Records to use
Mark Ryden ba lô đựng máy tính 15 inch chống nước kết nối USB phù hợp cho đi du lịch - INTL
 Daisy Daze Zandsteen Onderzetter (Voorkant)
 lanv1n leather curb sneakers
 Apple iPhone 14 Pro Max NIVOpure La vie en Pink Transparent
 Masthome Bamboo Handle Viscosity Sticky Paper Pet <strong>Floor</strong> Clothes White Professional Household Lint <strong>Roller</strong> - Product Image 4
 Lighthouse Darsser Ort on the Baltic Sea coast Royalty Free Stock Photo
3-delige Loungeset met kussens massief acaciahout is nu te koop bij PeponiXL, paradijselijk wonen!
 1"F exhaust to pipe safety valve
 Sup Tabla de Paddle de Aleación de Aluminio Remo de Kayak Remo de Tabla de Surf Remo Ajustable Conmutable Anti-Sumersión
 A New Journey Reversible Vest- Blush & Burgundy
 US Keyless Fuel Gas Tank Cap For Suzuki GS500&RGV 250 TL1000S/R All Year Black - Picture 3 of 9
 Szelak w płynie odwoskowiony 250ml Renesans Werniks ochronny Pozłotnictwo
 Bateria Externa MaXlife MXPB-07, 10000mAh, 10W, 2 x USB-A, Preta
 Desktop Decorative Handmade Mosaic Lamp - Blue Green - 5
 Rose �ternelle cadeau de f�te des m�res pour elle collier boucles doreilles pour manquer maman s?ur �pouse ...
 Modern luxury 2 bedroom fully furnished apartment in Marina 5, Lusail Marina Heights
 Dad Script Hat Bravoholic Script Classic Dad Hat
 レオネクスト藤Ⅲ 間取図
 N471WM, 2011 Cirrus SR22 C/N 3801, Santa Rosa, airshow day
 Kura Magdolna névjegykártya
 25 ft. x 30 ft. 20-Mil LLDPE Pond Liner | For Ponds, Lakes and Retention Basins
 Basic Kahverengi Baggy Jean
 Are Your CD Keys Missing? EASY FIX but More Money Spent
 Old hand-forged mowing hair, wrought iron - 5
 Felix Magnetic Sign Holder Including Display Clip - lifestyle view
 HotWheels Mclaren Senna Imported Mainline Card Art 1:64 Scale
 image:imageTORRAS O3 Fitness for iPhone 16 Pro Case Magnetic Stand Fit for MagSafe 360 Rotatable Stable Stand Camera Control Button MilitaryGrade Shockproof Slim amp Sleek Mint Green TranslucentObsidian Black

What to work on
Please find every line in the records above that holds the word "Magnetic" and copy it.

Response area
 Felix Magnetic Sign Holder Including Display Clip - lifestyle view
 image:imageTORRAS O3 Fitness for iPhone 16 Pro Case Magnetic Stand Fit for MagSafe 360 Rotatable Stable Stand Camera Control Button MilitaryGrade Shockproof Slim amp Sleek Mint Green TranslucentObsidian Black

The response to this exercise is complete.